In einem Referendum hatte sich die britische Bevölkerung 2016 für den EU-Ausstieg Großbritanniens entschieden. Ende März 2019 tritt dieser Entschluss in Kraft. Bisher ist allerdings noch unklar, ob es einen Austrittsvertrag geben wird. Hauptstreitpunkt in den Verhandlungen ist nach wie vor die Frage der künftigen Grenze zwischen Irland und Nordirland. Auch die Gespräche der Staats- und Regierungschefs beim letzten EU-Gipfel-Treffen in Brüssel konnte den Stillstand der Brexit-Verhandlungen nicht auflösen.

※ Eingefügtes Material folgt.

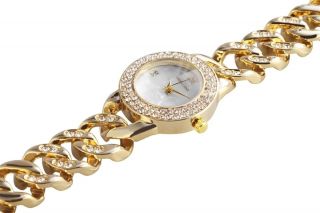 Excellanc Damenuhr Mit Kettenband Strass Gold Armbanduhr Se142 Bild
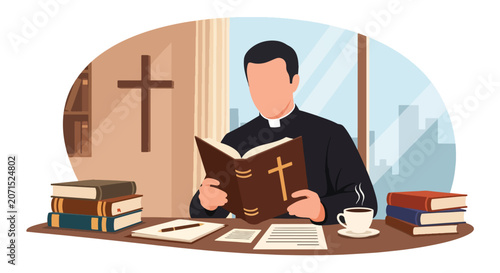 Konstfotografi Flat style vector illustration of a Christian man studying scripture and taking notes at a desk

Hamsterkäufe bei Unternehmen

Die britische Industrie sieht sich angesichts der politischen Lage zunehmend unter Druck und fordert von Premierministerin Theresa May Details über den Austritt bis Dezember. „Dass noch immer keine Einigung in Sicht ist, verunsichert Wirtschaft und Unternehmen“, sagt Ludovic Subran, Chefvolkswirt der Euler Hermes Gruppe und stellvertretender Chefvolkswirt der Allianz.

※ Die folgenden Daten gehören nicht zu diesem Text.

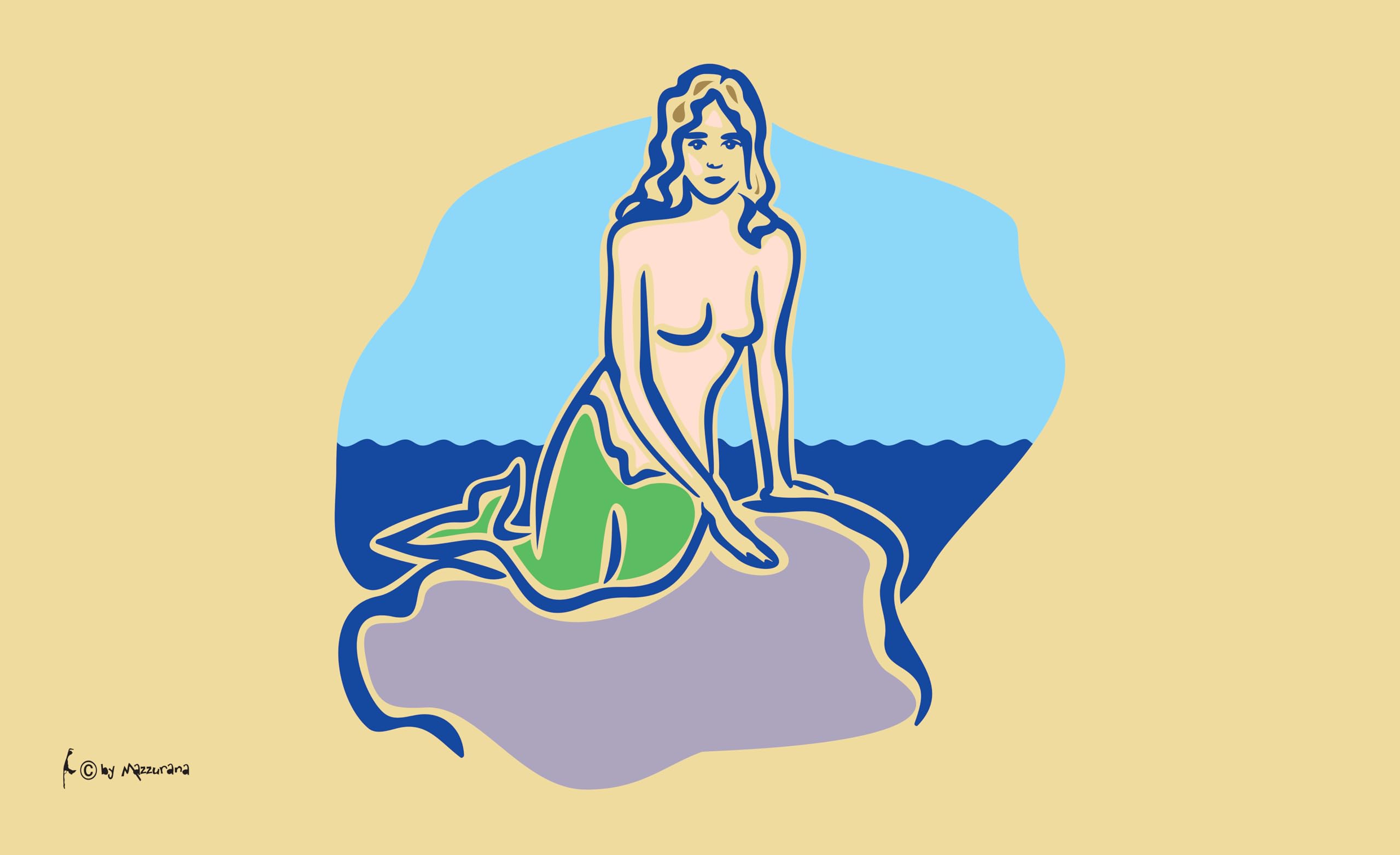 Drapeau sirène 60x40 cm pour décorer une chambre d'enfant féerique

Diese Unsicherheit hemmt das Wirtschaftswachstum. Volkswirte gehen beim britischen Bruttoinlandsprodukt (BIP) nur noch von einem Zuwachs von 1,3% für 2018 und 1,2% für 2019 aus. Auch das britische Pfund steht unter Druck. Der Konsum vieler Briten geht daher ebenfalls zurück.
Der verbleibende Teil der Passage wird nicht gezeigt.